# [WHAT IS NEEDED]
Output the lines below exactly, please, from the first line until the line with "a room with", counting both.

Short text fragments from websites
[Start of Attachment]
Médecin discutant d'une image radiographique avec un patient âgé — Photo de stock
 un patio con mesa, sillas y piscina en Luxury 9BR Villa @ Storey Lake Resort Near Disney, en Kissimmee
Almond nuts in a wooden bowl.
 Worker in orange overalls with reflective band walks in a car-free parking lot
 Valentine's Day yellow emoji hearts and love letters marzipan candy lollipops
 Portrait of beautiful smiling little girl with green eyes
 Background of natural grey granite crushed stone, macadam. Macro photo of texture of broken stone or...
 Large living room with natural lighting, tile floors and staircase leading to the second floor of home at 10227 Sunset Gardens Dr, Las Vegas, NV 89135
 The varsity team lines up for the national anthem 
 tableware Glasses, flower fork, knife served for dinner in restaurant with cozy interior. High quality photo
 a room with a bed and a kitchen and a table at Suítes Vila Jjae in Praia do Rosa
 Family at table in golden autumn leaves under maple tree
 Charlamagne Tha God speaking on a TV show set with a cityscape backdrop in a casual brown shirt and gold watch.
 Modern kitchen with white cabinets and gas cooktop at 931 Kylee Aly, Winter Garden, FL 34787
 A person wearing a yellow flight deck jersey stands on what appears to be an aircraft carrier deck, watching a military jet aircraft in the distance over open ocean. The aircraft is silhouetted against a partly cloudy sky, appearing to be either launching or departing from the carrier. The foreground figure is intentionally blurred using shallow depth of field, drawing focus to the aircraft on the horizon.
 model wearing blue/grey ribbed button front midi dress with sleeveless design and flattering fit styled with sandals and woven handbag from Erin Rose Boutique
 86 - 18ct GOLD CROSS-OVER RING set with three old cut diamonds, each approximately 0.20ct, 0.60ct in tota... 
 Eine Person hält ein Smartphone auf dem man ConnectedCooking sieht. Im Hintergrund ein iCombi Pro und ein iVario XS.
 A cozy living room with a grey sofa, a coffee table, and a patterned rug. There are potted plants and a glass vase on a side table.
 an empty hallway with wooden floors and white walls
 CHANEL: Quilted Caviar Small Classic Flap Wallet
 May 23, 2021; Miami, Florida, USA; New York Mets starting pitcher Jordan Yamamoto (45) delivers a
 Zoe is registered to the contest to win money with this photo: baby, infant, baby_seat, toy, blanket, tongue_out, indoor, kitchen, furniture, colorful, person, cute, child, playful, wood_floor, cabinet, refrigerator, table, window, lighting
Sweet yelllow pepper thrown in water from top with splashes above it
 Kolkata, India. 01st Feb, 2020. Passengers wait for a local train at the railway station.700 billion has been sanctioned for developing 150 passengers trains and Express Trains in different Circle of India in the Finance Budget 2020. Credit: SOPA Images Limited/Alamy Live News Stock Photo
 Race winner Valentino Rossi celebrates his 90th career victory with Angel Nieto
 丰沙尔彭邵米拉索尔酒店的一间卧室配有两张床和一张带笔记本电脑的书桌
[End of Attachment]
# [RESPONSE]
Médecin discutant d'une image radiographique avec un patient âgé — Photo de stock
 un patio con mesa, sillas y piscina en Luxury 9BR Villa @ Storey Lake Resort Near Disney, en Kissimmee
Almond nuts in a wooden bowl.
 Worker in orange overalls with reflective band walks in a car-free parking lot
 Valentine's Day yellow emoji hearts and love letters marzipan candy lollipops
 Portrait of beautiful smiling little girl with green eyes
 Background of natural grey granite crushed stone, macadam. Macro photo of texture of broken stone or...
 Large living room with natural lighting, tile floors and staircase leading to the second floor of home at 10227 Sunset Gardens Dr, Las Vegas, NV 89135
 The varsity team lines up for the national anthem 
 tableware Glasses, flower fork, knife served for dinner in restaurant with cozy interior. High quality photo
 a room with a bed and a kitchen and a table at Suítes Vila Jjae in Praia do Rosa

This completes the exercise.